Between 1946 and 1949, Moraes was based in Ceylon (now Sri Lanka) as editor of The Times Ceylon and The Morning Standard. He worked as the India correspondent of several British newspapers, and in 1950 became The Times of India's first "Indian editor", amidst a changing post-colonial situation.

On returning from Ceylon in 1949, Frank Moraes was named editor of The National Standard, a Goenka-owned Indian newspaper that later morphed into The Indian Express. According to another journalist of Goan origin, Victor Rangel-Ribeiro, "[A]t that time I was on the news copy desk as well as being the music critic, and remember him as an individual who kept himself aloof, quite unlike other editors I have worked with. Six days a week he wrote the main editorial and a column he signed as 'Atticus'". Moraes left within months to be the editor at the Times of India.

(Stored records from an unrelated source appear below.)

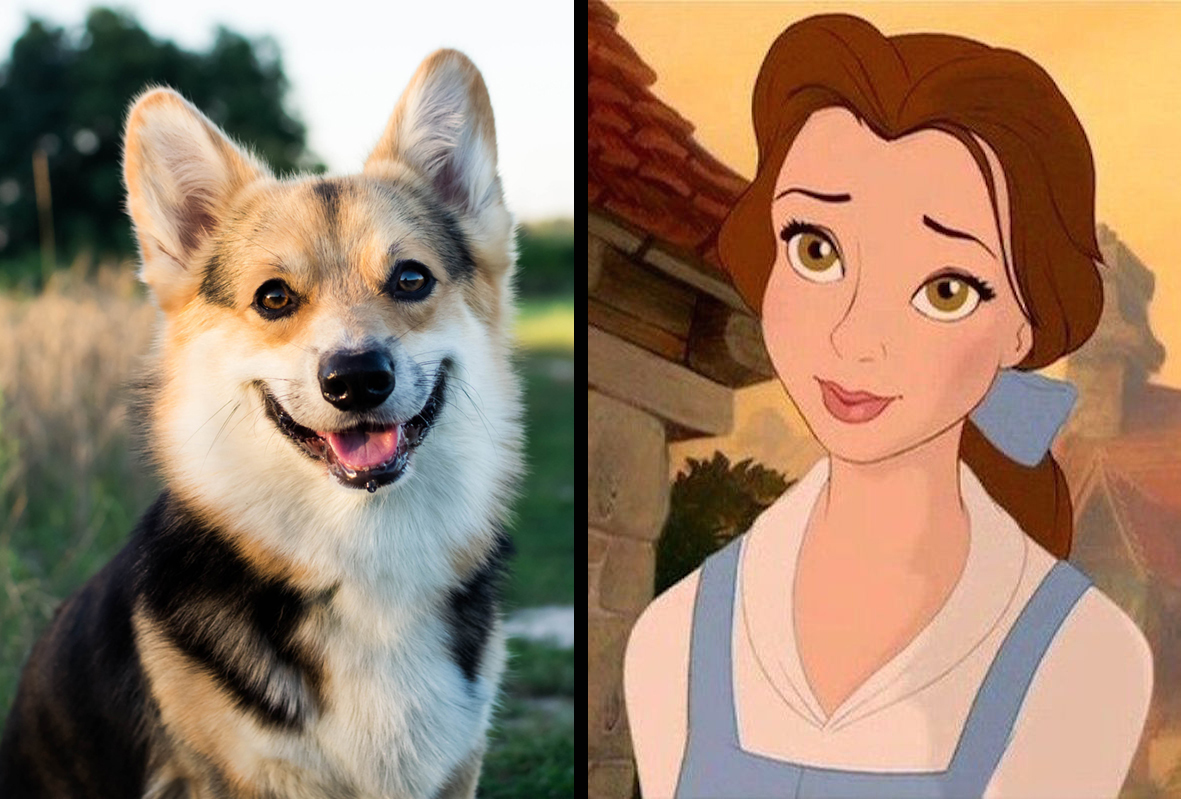 dog disney princess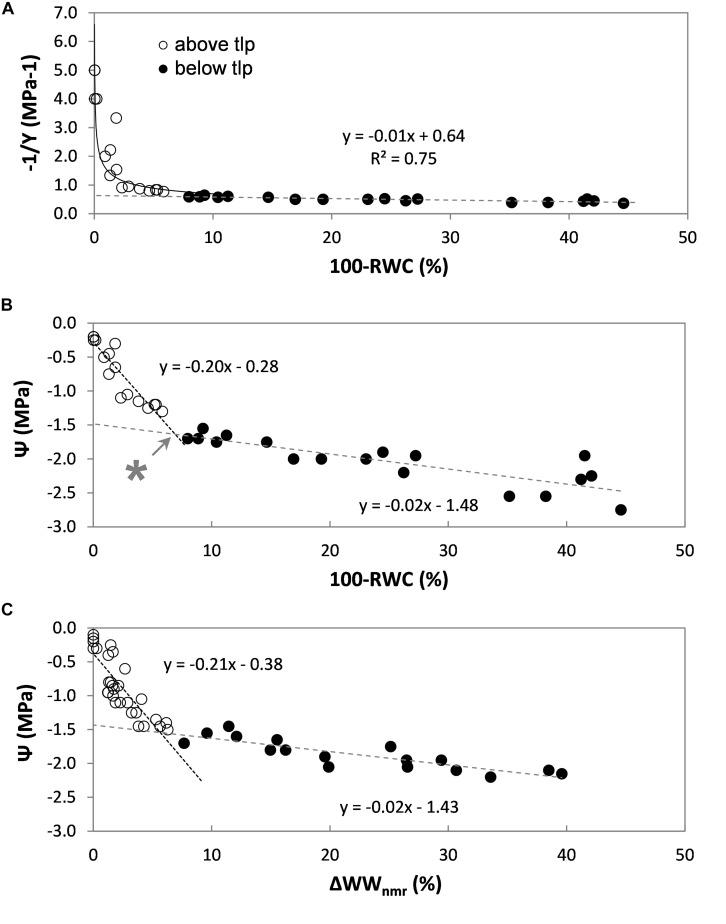 https://cdn.ncbi.nlm.nih.gov/pmc/blobs/edd8/7892787/a4d778122ec1/fpls-12-617768-g005.jpg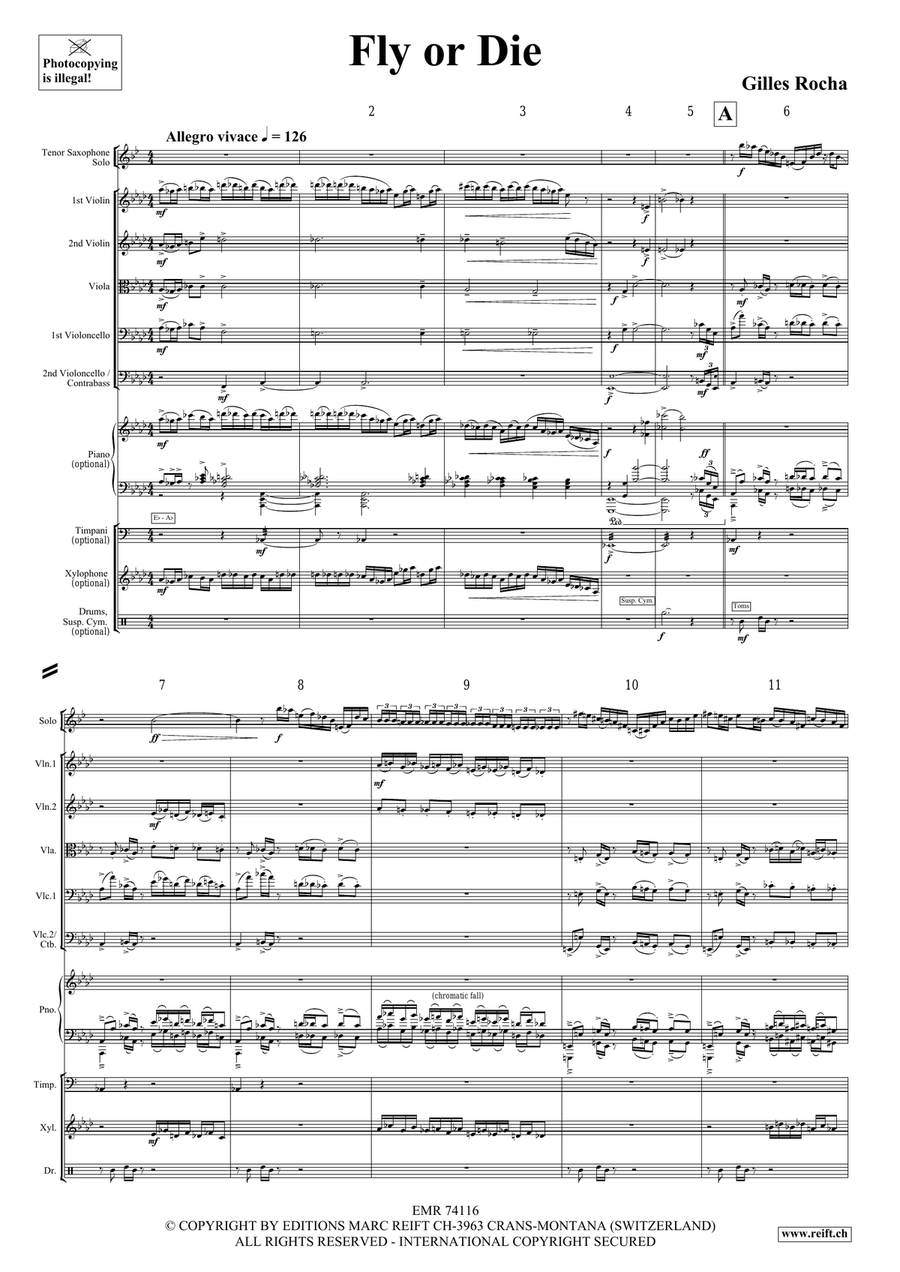 Fly or Die Fly or Die String Orchestra scores gallery preview page 4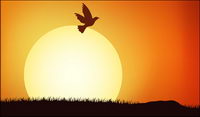 bird populations under the Sunset vector material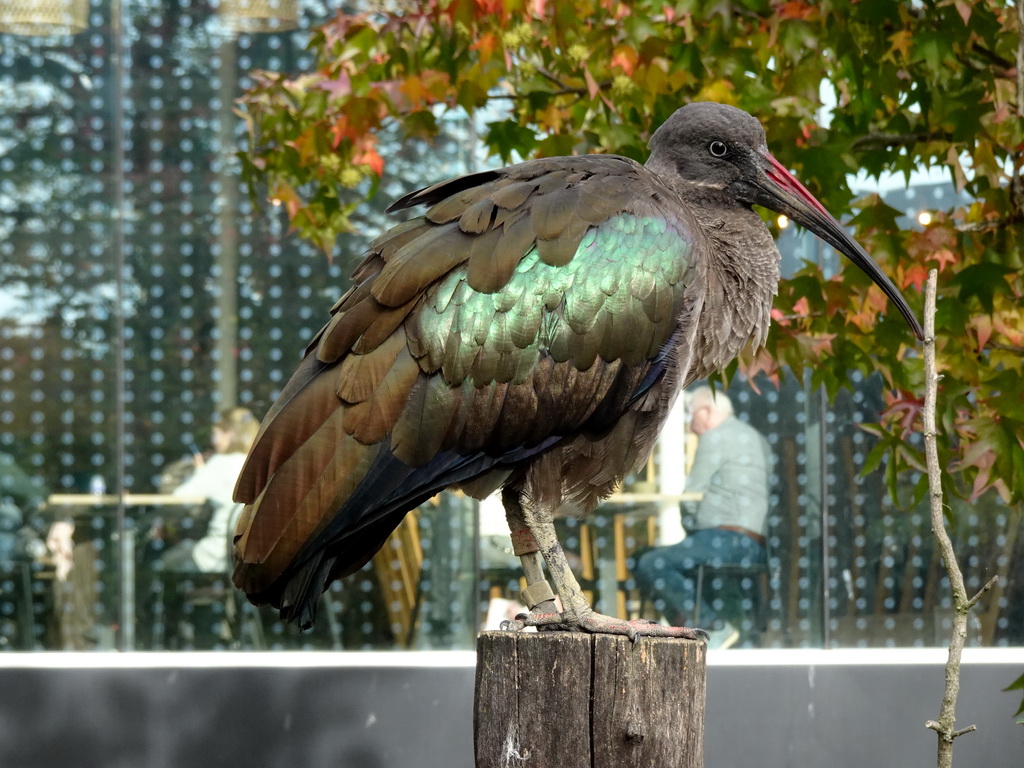 Hadada Ibis at the Savannah at the Antwerp Zoo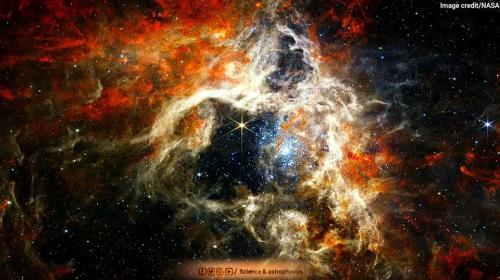 .      313085093_11556574686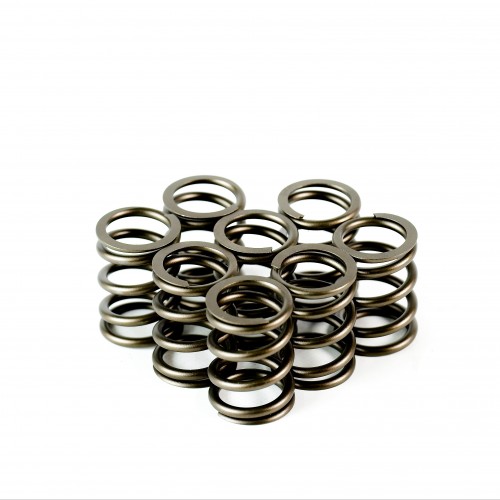 Single Valve Springs - Set of 8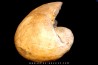 Nautilus lamarckii - Eocene - Meldert, Belgium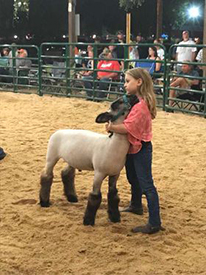 Witt Club Lambs Winners
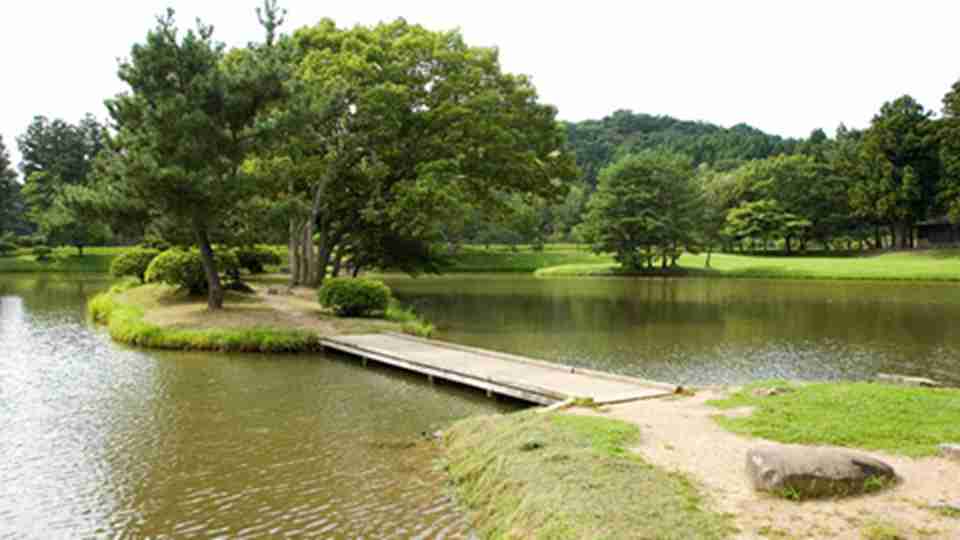 ����ǧ��ķ�˪��ԭ����ͥԺ��ò���Ѳ������������������ֵĹ�԰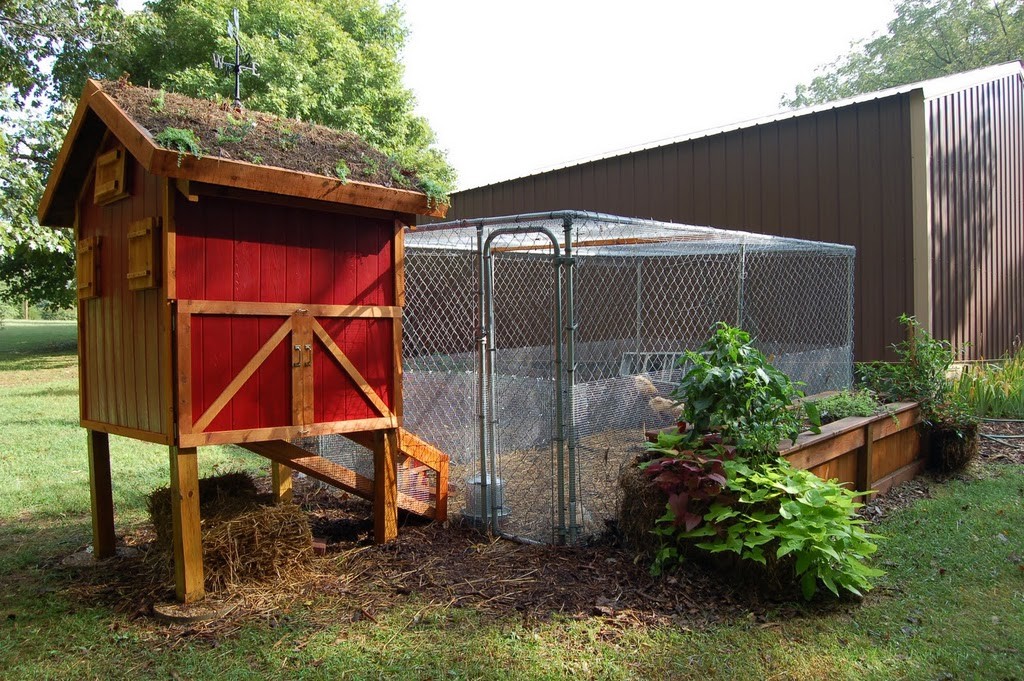 Cool Coops! ~ the garden-roof coop Community Chickens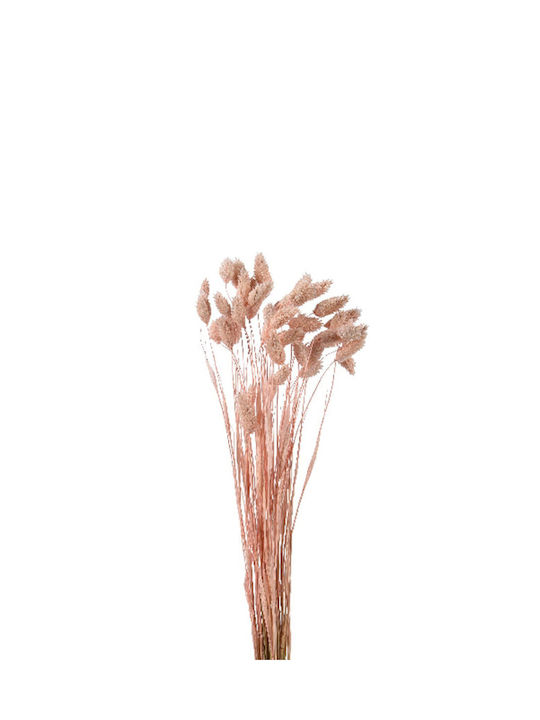 Kaemingk Dried Plant Purple 65cm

Ribeiro recalls that in January 1953, while at Calcutta on the job of Sunday editor at their soon-to-be-started edition in that city in eastern India, Moraes visited the edition. He recalls, "Well after midnight I was down in the pressroom okaying pages as they were being "made up" on the 'stone'---those were the days of metal type and printers' ink—and in rolled Frank Moraes at the head of his cohort, and he had just a one-line mantra for me: "Let's get the paper out! Let's get the paper out!" Having said that, he kept out of our way. Others in the group, however, were more obtrusive, and soon we had to hustle them back upstairs.".

In 1957, The Indian Express (formerly the Morning Standard) named him as the editor-in-chief of this Goenka-run newspaper. Becoming one of India's best-known journalists his columns appeared regularly on Sundays and Mondays in the Indian Express, while another column signed as "Ariel" made its mark in the Sunday Standard. He did some radio broadcasts. In 1961 he was appointed Sheriff of Bombay.

==Retirement and death==
Frank Moraes retired from The Indian Express in 1972, moved to London as its representative the next year, and died in 1974. His last days were spent in the company of Marilyn Rita Silverstone with whom he had been in a relationship for more than a decade.

==Moraes' books==
Moraes authored India Today, The Revolt in Tibet (1960), Report on Mao's China, Yonder one world : a study of Asia and the West, The importance of being black: an Asian looks at Africa (1965) and Behind the Bamboo Curtain.

Other books listed here include Introduction to India (1945. co-authored with H L Stimson), Report on Mao's China (1953); Jawaharlal Nehru: A Biography (1956); Sir Purshotamdas Thakurdas (1957); Yonder One World: A Study of Asia and the West (1957); India Today (1960); Nehru, Sunlight and Shadow (1964); John Kenneth Galbraith Introduces India (1974, co-edited); and his political autobiography, Witness to an Era: India 1920 to the Present Day (1973).

==Author, celebrated journalist, editor==
In obituaries to his son, the poet and writer Dom Moraes, Frank Moraes was called an "author ... sometime editor of the Times of India", and "an Oxford-educated lawyer who was to become a celebrated journalist and Editor of The Times of India".

==Archives==
Frank Moraes' archives are held in London by SOAS Special Collections and consist of "notebooks and diaries; correspondence; newspaper clippings and typescripts of Moraes' regular columns, articles and tour articles; reviews of Moraes' books; photographs; drawings, illustrations and programmes; recorded broadcasts; papers of (his wife) Beryl Moraes' objects".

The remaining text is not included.